Shift register brigade

Perhaps the easiest of the external IC solutions, a shift register brigade can handle an almost infinite number of inputs and pipe them down into 3 pins on your microcontroller. The only real catch, is that its a bit of a pain unless you use the SPI interface on your microcontroller to communicate with the external shift registers. For one or two registers, this isn’t a problem, as you can bit-bang the 8 or 16 bits in a relatively short period of time. But, with larger brigades, a dedicated peripheral makes it much easier. An example of a shift register brigade connected to a SPI peripheral is show below. Note that you will need a buffer chip of some sort if you want to share the SPI MISO line with another device.

shift register brigade schematic

Figure 1 – Example shift register brigade schematic.

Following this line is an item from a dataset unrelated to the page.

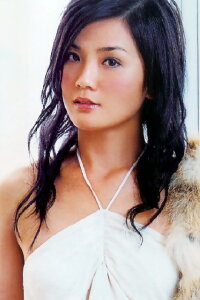 Charlene Choi Chuek-Yin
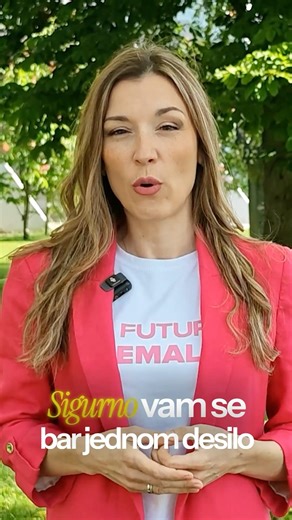 Vozač 706e: Svaki dan mi se ovo dešava!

The 74HC165 is a parallel-in, serial-out shift register. There are other chips with similar functionality, but this one is the most common. It has a parallel load pin (PL), which stores the data present at the input pins when it goes high. the data is then clocked out with every low to high transition on the clock pin (CP). A series of these chips can be placed into a long line, and they can pass data down the line until it all reaches the microcontroller.

One advantage to this setup is that all of the buttons are sampled at once, synchronizing your data. And although it can take a long time to clock in the data, if you use the SPI interface, this can be automated to happen during an interrupt. In this case, it requires minimal overhead, and delivers the data in nice 8 bit chunks. This makes for a very simple programming interface.

The disadvantage is that it requires a fair number of ICs, and each one requires 8 pull-up resistors, as they are not built in like they are in the microcontroller. It can also tie up your SPI lines, and it does not allow for button presses to trigger external interrupts.